**YOUR OBJECTIVE**
Transcribe each line below verbatim; pictures excluded.

**SUPPLIED MATERIAL**
---
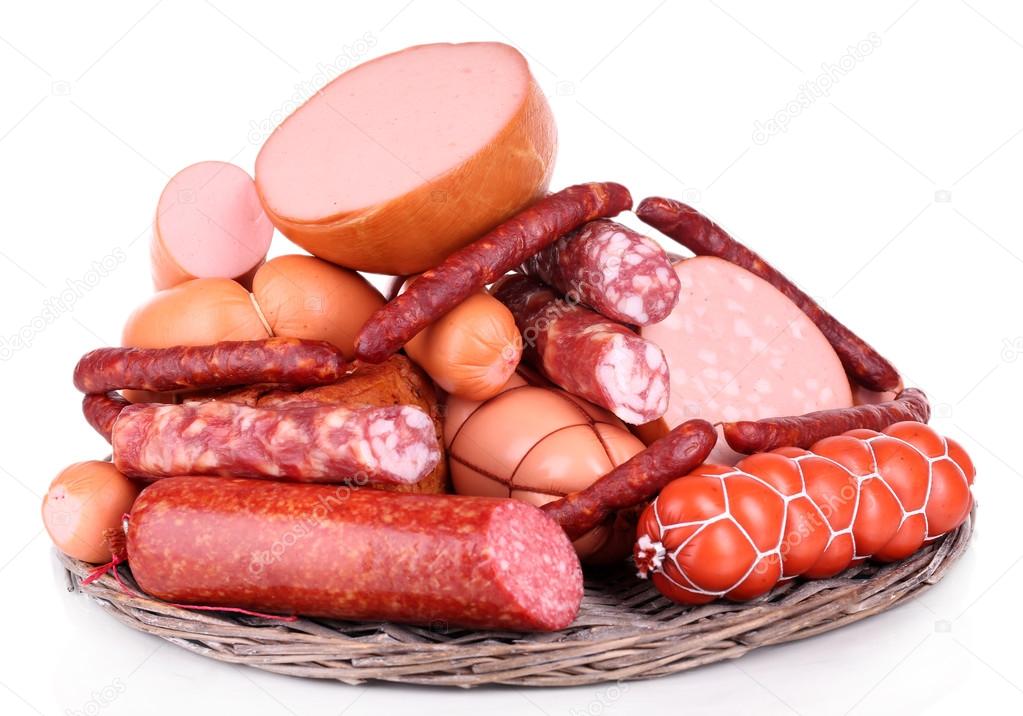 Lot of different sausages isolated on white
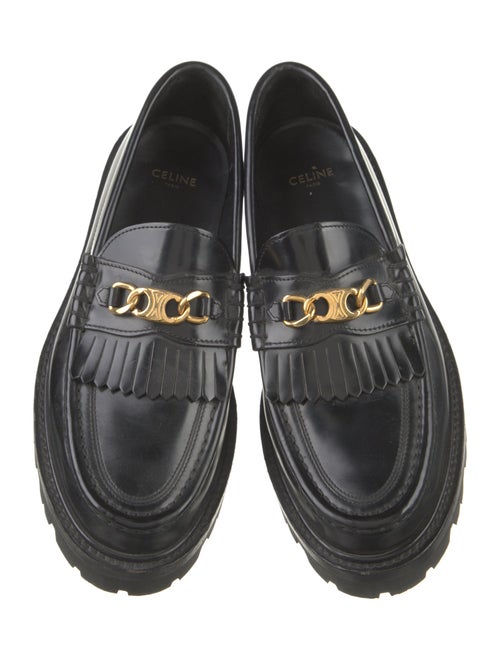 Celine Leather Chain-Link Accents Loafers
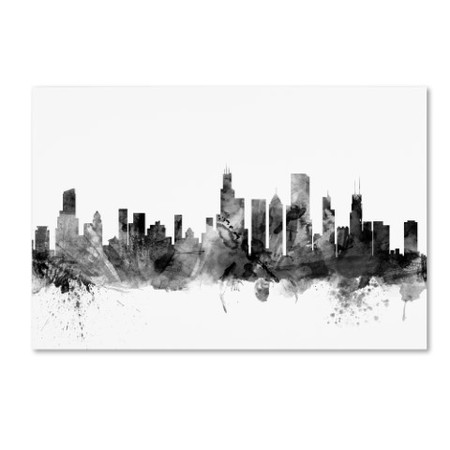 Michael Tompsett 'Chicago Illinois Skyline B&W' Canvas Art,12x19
---
**WORKED SOLUTION**
 Lot of different sausages isolated on white
 Celine Leather Chain-Link Accents Loafers
 Michael Tompsett 'Chicago Illinois Skyline B&W' Canvas Art,12x19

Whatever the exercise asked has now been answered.